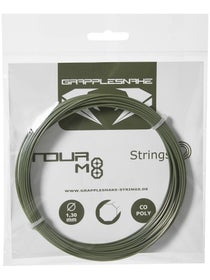 Grapplesnake M8 String Set 1.30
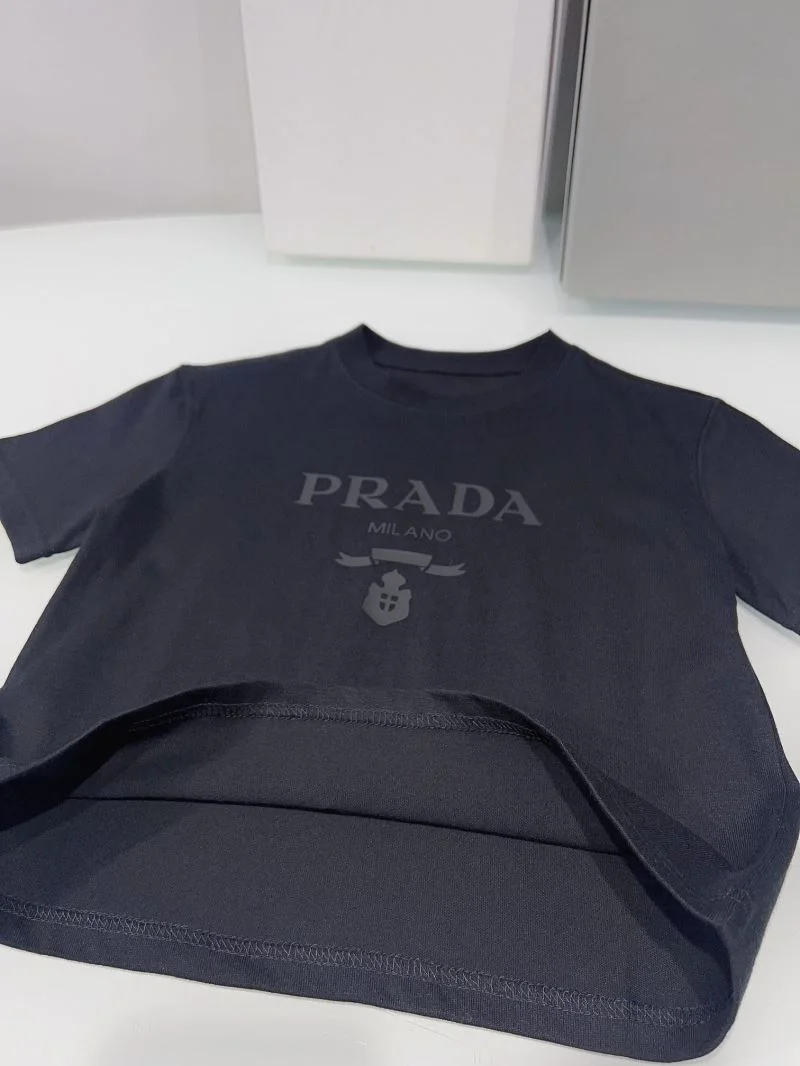 Prada Kids Minimalist 166868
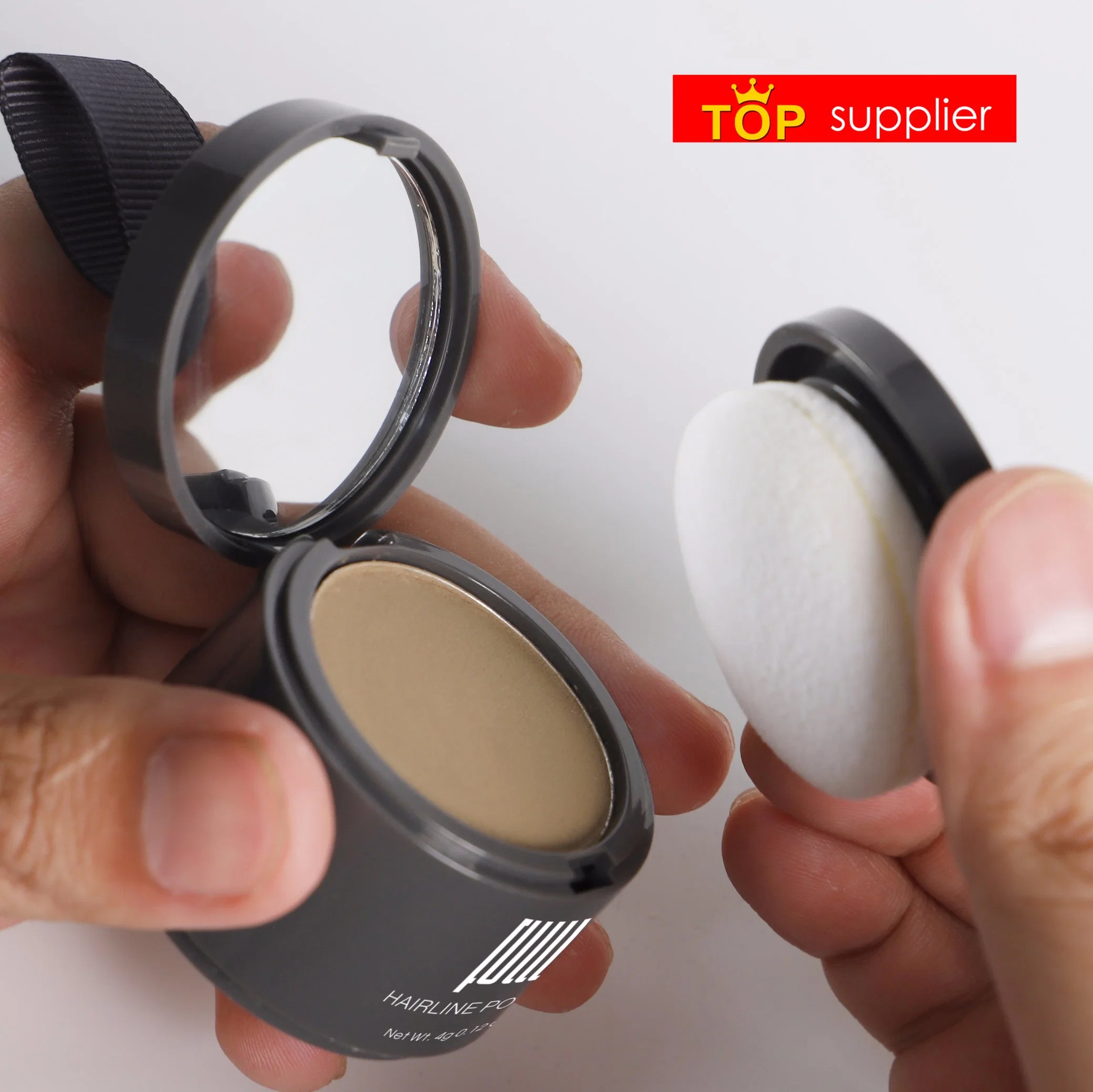 Fully Hair Root Concealer Natural Hairline Shadow Powder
--------------------
*TASK TO COMPLETE*: Could you print the listing above exactly, without the pictures?

*YOUR SOLUTION*:
 Grapplesnake M8 String Set 1.30
 Prada Kids Minimalist 166868
 Fully Hair Root Concealer Natural Hairline Shadow Powder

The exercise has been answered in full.